One woman who might demur: Erin Breen, who USA Today reported sued a Trump golf course because she said she was fired a few weeks after making allegations of sexual harassment in the work place. 

Another woman who likely disagrees is former Miss Universe Alicia Machado. Trump slut shamed her during the 2016 campaign after she said in a television interview that the former pageant mogul had called her "Miss Piggy" for putting on weight after winning the crown and demeaned her in other ways.

Justin Sullivan/Getty Images

On income equity, a Boston Globe analysis last June found "Trump has paid men on his campaign staff one-third more than women, while Hillary Clinton has compensated men and women equally."

Outside the bounds of his Trump Organization, there was no shortage of women who said the real-estate-kingpin-turned-president had groped them. The women came forward after the emergence of a bombshell 2005 Access Hollywood hot mic tape in which Trump said his fame allowed him to do as he liked with women, up to and including "grab them by the pussy."

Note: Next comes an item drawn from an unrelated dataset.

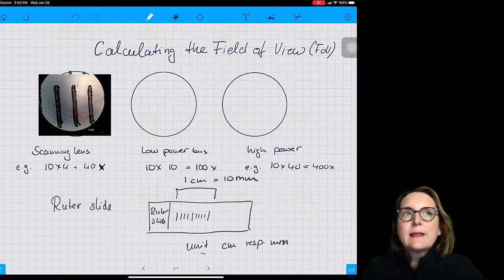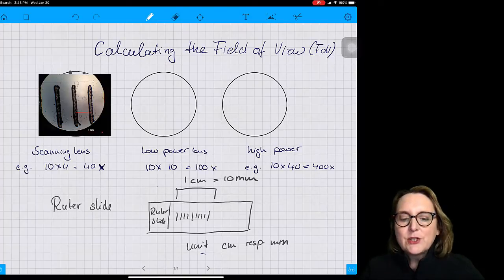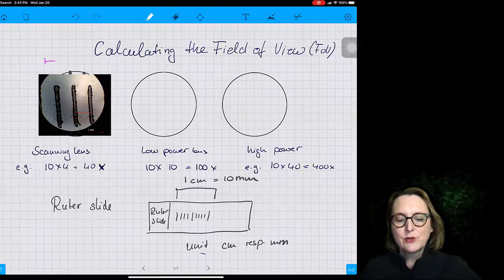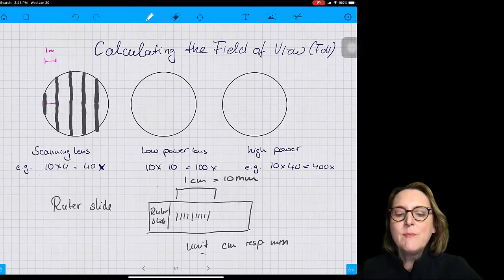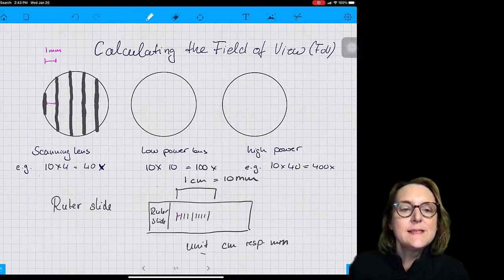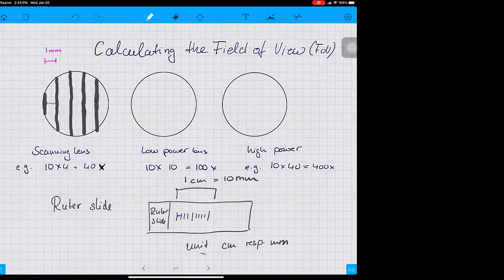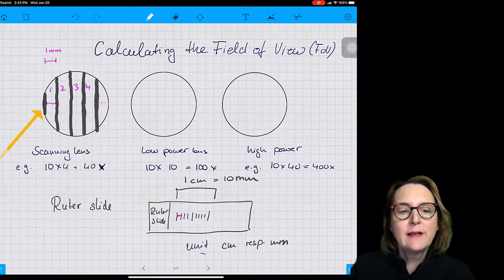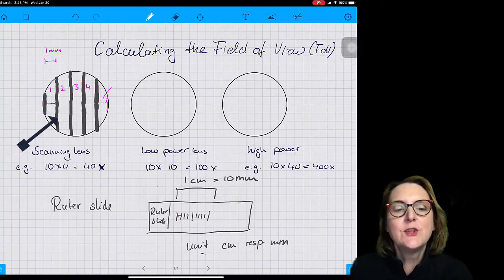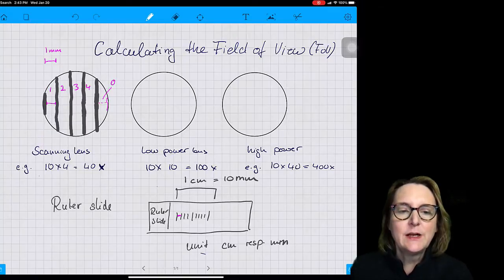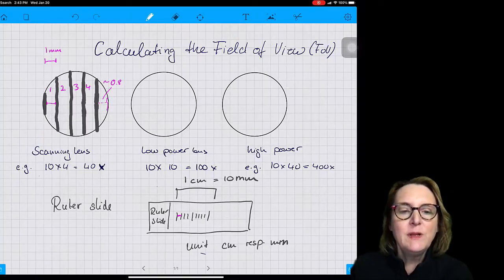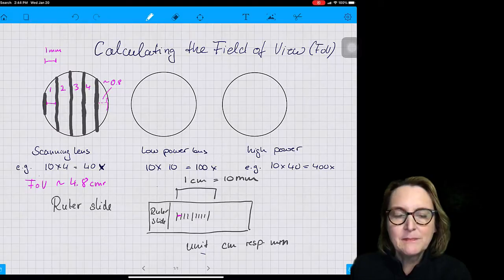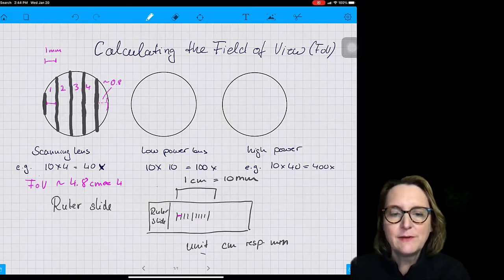In my example, when I measure the ruler slide underneath the microscope — and therefore measure the field of view — I can see that the field of view is about 4.8 millimeters wide. Between the middle of one black line and the middle of the next black line, the distance is one millimeter. So in this case we have a distance of about four millimeters and just a little bit more. With the scanning lens, I can easily measure my field of view.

To be sure, many who flocked to Trump's rallies in the run-up to his upset defeat of Hillary Clinton, who would have been the first female president had she won, brushed off complaints of misogyny about the candidate who archly said he loved "winning with women."

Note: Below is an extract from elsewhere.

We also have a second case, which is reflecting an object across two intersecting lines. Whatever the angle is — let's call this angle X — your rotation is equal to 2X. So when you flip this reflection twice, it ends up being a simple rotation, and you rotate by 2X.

So, too, did female Trump employees who spoke to the Washington Post during the campaign about his attitude toward women. Former female employees who discussed their ex-boss with CBS News for a similar campaign piece gave him mixed reviews.

Trump, the former reality show star, is into appearances — particularly when it comes to ladies. Allegations in a lawsuit covered by the Los Angeles Times and rejected by Team Trump accused him of flatly wanting to axe less attractive female workers at one of his golf resorts, and Axios recently reported:

Trump likes the women who work for him "to dress like women," says a source who worked on Trump's campaign. "Even if you're in jeans, you need to look neat and orderly." We hear that women who worked in Trump's campaign field offices — folks who spend more time knocking on doors than attending glitzy events — felt pressure to wear dresses to impress Trump.

Conway, a mother of four and pollster who made her name as a specialist in reaching women on political issues, has herself opened up on having faced sexism and unwanted male advances in her career, so she's clearly not unaware these problems exist.

Alex Brandon/AP

Conway didn't immediately respond to a Mic request for comment.

Only a mindreader could say for sure if Conway truly considers Trump — who wasn't even her first pick for the Oval Office — the paragon of a compassionate leader or whether her Thursday paean to his finer points shows she's being the team player her paycheck requires.

This much we know: Not everybody sees Trump as the perfect president — or the perfect boss.